0

Error experienced, causing VM instability, on Warewolf 2.8.6.16

Wynand Vermaak 6 months ago in Server 0

Hello Team.

I'd like to bring an error to your attention and for your consideration. We are currently observing this error on Warewolf 2.8.6.16 and it is causing the VM that is hosting the microservice to become unstable.

Context:

On Monday 2024-07-01 we deployed code to our LeadsServices UAT environment. Because changes were made to the secure.config (workflow was set to public), we had to restart the service in order for the changes in the secure.config to take effect. The VM restart was performed at around 16:15. After the restart, Sai from DevOps observed, using PRTG monitoring, a couple of red flags. One of them was the number of concurrent Warewolf connections. 

Image 1143

Now because this is a relatively new MicroService, and UAT environment, there wasn't any processes running in the background. I'm attaching the warewolf log to support this and for your review and consideration. The red flags only disappeared after 15mins - even tho there were no transactions / workflows processing on the microservice. wareWolf-Server-Leads-UAT.zip

However, what we have found is that when we restart a Production VM, one that is busy with a lot of workflows executing at the same time, these red flags take much longer to disappear. We also observed that workflows or APIs would take much longer to execute during this time. For example a Post Tool that calls an API that normally takes around 3 seconds would take much much longer - often to the point of timing out. And when this happens, Architecture and DevOps decides to switch off the VM as a precautionary measure - which means we are sitting without a service in Production.

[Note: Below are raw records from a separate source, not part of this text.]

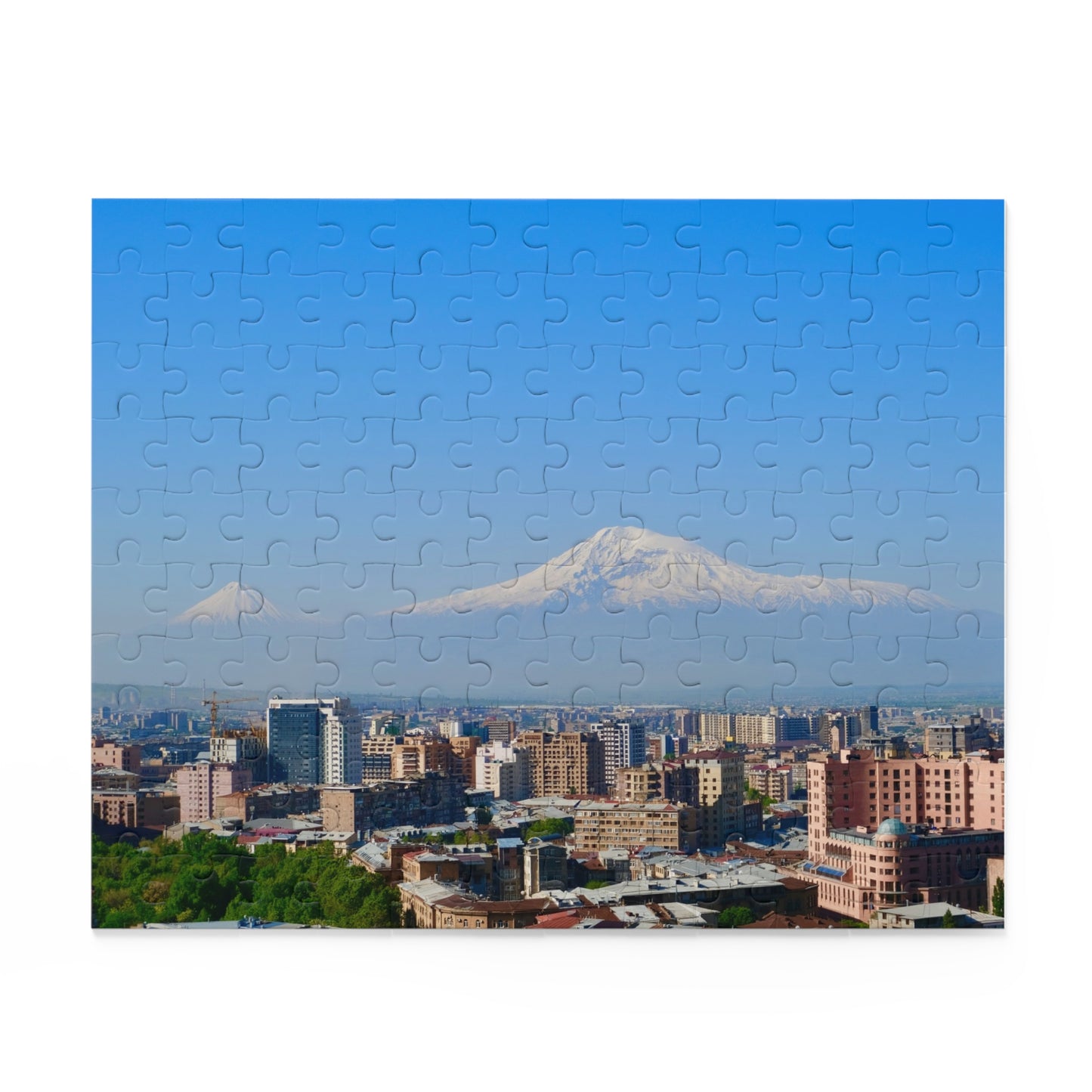Puzzle - Yerevan City with Ararat Mountain Background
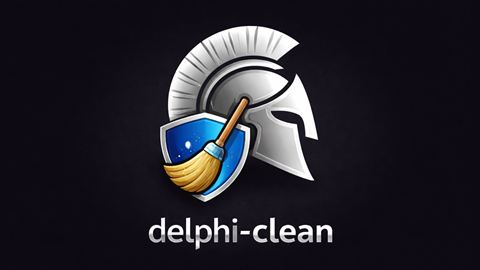 delphi-clean logo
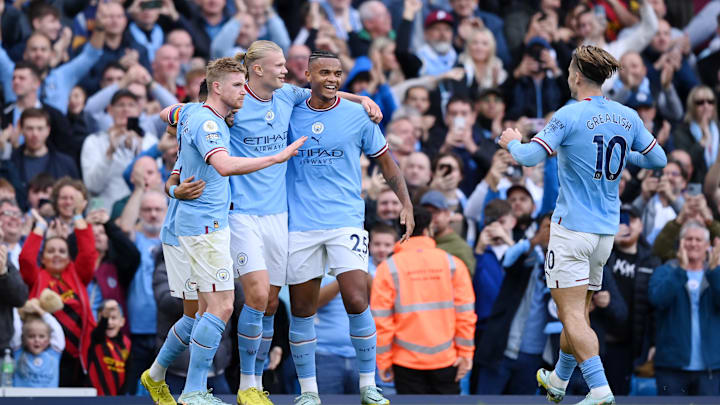 Erling Haaland, Manuel Akanji, Kevin De Bruyne, Jack Grealish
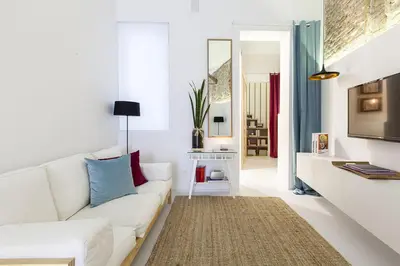Zona de estar de Madrid to heaven Apartment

If we consider the time we observed the red flags in PRTG, and we look at the corresponding time in the Warewolf Server logs - it appears that the following error may be the culprit:


[Header]
2024-07-01 16:15:02,101 ERROR - [Warewolf Error] - Dev2.ServerLifecycleManager
System.Runtime.InteropServices.COMException (0x8007045B): A system shutdown is in progress. (Exception from HRESULT: 0x8007045B)
at System.Runtime.InteropServices.Marshal.ThrowExceptionForHRInternal(Int32 errorCode, IntPtr errorInfo)
at System.Management.ManagementScope.InitializeGuts(Object o)
at System.Management.ManagementScope.Initialize()
at System.Management.ManagementObjectSearcher.Initialize()
at System.Management.ManagementObjectSearcher.Get()
at Dev2.ServerLifecycleManager.GetNumberOfCores()
at Dev2.ServerLifecycleManager.TrackUsage(UsageType usageType, IExecutionLogPublisher logger)
at Dev2.ServerLifecycleManager.CleanupServer()
[Footer]


Please feel free to reach out should you need more information. Let's understand and solve together.


Regards,


Wynand

execution server